Indeed, top smartphones of this era are getting to be as powerful as the full-on laptop computers. I read somewhere on twitter the A10X fusion chip in the latest iPads are already faster than the best Mac Mini available for purchase. Every day the iPhone 7 amazes me with its agility at chewing through complex tasks with liquid smoothness. It can handle my camera’s 42 megapixel images with the same alacrity as the iMac: real-time adjustments, effects and all. One of the chief reasons I dump money into the ocean and upgrade the phone every year is because of the revolutionary leaps in computing power each iteration presents. 

And right, the camera, too. 

With Samsung’s top phone the Note 8 hovering in the low $900 starting price mark, it seems paying four-figures for flagship smartphones is the new reality. Even adjusted for inflation, the very first iPhone’s $599 ($725) is still some $274 off the iPhone X. The price of progress for the incredible power and functionality of modern smartphones is steep indeed. 

On 9/11

The previous summer I was fortunate enough to travel to New York City for the first time, and I made it a priority to visit the 9/11 memorial. It was as surreal as I anticipated: I was standing on the same plot of land the World Trace Center twin towers stood on that fateful day as I watched it crumbled down into ashes on television. I’ve only started 7th grade.

The memorial itself is incredibly somber yet astonishingly beautiful. Those two vast disappearing pools of water representing the innocence lost that day, alongside it the new One World Trade Center, the gleaming tower of strength and American resolve. It is a hallowed ground that lures you into deep thought and reflection of that calamitous event, and the sacrifices of those that came immediate and long after September 11, 2011. 

I was lost in a mixture of pure sadness and infinite gratitude. 

I hope everyone gets a chance to visit the memorial to pay their respects. For me, it was an honor and privilege. 

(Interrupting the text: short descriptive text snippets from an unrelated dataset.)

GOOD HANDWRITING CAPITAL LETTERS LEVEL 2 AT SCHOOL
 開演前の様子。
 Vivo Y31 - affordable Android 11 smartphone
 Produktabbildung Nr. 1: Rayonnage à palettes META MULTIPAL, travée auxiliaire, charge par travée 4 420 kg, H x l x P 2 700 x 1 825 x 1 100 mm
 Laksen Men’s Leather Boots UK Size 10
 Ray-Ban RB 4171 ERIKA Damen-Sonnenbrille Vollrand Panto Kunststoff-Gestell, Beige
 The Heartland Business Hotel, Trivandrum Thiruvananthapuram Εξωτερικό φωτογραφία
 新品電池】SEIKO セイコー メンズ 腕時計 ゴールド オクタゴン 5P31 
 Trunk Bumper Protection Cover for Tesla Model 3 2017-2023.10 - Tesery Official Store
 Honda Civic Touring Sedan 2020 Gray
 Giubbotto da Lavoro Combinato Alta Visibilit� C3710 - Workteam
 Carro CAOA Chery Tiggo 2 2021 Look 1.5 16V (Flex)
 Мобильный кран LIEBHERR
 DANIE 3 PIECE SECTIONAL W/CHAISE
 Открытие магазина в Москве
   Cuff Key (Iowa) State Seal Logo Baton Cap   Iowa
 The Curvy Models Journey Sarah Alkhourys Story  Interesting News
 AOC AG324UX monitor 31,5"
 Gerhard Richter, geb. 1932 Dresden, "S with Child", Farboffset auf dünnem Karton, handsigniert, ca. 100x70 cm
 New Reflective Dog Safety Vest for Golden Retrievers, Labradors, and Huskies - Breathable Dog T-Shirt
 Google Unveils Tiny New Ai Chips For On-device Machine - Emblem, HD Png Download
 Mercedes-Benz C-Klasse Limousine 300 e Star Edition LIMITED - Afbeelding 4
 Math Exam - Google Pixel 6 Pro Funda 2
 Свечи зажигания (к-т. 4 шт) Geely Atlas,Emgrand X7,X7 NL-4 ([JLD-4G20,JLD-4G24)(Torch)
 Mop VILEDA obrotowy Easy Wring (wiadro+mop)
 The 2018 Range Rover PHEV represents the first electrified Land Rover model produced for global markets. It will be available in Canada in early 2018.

Duolingo finally offers Korean

Language learning app Duolingo finally released today the highly anticipated lessons in Korean. Even though my Korean fluency is decent enough, Curiosity got the best of me and I downloaded the app to have a look. The interface is supremely slick, and while I can’t immediately judge the effectiveness of it’s teaching methods, I like the fact it’s got actual pronunciation of words and sentences. That is an advantage it’s got in spades over the traditional textbook.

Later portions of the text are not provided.